START Entries supplied

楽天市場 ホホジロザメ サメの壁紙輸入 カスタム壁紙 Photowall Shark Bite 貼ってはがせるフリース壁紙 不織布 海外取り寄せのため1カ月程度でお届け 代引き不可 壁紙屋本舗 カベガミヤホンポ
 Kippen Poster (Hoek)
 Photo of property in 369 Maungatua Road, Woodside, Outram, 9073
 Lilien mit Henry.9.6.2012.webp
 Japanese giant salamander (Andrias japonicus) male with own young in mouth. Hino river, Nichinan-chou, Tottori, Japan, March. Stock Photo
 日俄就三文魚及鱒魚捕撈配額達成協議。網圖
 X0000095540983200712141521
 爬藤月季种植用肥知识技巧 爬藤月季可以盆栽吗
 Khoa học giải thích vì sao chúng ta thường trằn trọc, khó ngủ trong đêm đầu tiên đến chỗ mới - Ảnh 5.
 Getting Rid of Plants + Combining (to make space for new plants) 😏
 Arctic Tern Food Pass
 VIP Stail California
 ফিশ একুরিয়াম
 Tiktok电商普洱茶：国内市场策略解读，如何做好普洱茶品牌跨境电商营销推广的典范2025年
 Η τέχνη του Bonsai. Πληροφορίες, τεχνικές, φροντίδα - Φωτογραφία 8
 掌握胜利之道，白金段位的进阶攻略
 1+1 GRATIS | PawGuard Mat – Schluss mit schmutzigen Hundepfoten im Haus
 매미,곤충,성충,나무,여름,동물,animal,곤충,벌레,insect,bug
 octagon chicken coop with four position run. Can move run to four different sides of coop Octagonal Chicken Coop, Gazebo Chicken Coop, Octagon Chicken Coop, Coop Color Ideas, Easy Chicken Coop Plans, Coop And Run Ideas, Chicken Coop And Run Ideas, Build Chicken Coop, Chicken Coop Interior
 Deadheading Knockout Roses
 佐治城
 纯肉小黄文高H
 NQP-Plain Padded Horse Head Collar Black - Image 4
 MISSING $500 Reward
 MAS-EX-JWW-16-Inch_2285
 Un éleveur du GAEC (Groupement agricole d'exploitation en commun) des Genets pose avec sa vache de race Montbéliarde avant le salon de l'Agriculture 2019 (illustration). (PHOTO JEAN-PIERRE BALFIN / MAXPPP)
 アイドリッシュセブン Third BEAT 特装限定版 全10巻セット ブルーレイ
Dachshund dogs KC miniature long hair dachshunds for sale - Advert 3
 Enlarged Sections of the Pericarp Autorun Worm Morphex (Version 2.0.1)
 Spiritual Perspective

END Entries supplied

What is being asked
Reproduce exactly every line that sits between the start of the entries and the line bearing "MAS-EX-JWW-16-Inch_2285", counting both of those lines.

Result
楽天市場 ホホジロザメ サメの壁紙輸入 カスタム壁紙 Photowall Shark Bite 貼ってはがせるフリース壁紙 不織布 海外取り寄せのため1カ月程度でお届け 代引き不可 壁紙屋本舗 カベガミヤホンポ
 Kippen Poster (Hoek)
 Photo of property in 369 Maungatua Road, Woodside, Outram, 9073
 Lilien mit Henry.9.6.2012.webp
 Japanese giant salamander (Andrias japonicus) male with own young in mouth. Hino river, Nichinan-chou, Tottori, Japan, March. Stock Photo
 日俄就三文魚及鱒魚捕撈配額達成協議。網圖
 X0000095540983200712141521
 爬藤月季种植用肥知识技巧 爬藤月季可以盆栽吗
 Khoa học giải thích vì sao chúng ta thường trằn trọc, khó ngủ trong đêm đầu tiên đến chỗ mới - Ảnh 5.
 Getting Rid of Plants + Combining (to make space for new plants) 😏
 Arctic Tern Food Pass
 VIP Stail California
 ফিশ একুরিয়াম
 Tiktok电商普洱茶：国内市场策略解读，如何做好普洱茶品牌跨境电商营销推广的典范2025年
 Η τέχνη του Bonsai. Πληροφορίες, τεχνικές, φροντίδα - Φωτογραφία 8
 掌握胜利之道，白金段位的进阶攻略
 1+1 GRATIS | PawGuard Mat – Schluss mit schmutzigen Hundepfoten im Haus
 매미,곤충,성충,나무,여름,동물,animal,곤충,벌레,insect,bug
 octagon chicken coop with four position run. Can move run to four different sides of coop Octagonal Chicken Coop, Gazebo Chicken Coop, Octagon Chicken Coop, Coop Color Ideas, Easy Chicken Coop Plans, Coop And Run Ideas, Chicken Coop And Run Ideas, Build Chicken Coop, Chicken Coop Interior
 Deadheading Knockout Roses
 佐治城
 纯肉小黄文高H
 NQP-Plain Padded Horse Head Collar Black - Image 4
 MISSING $500 Reward
 MAS-EX-JWW-16-Inch_2285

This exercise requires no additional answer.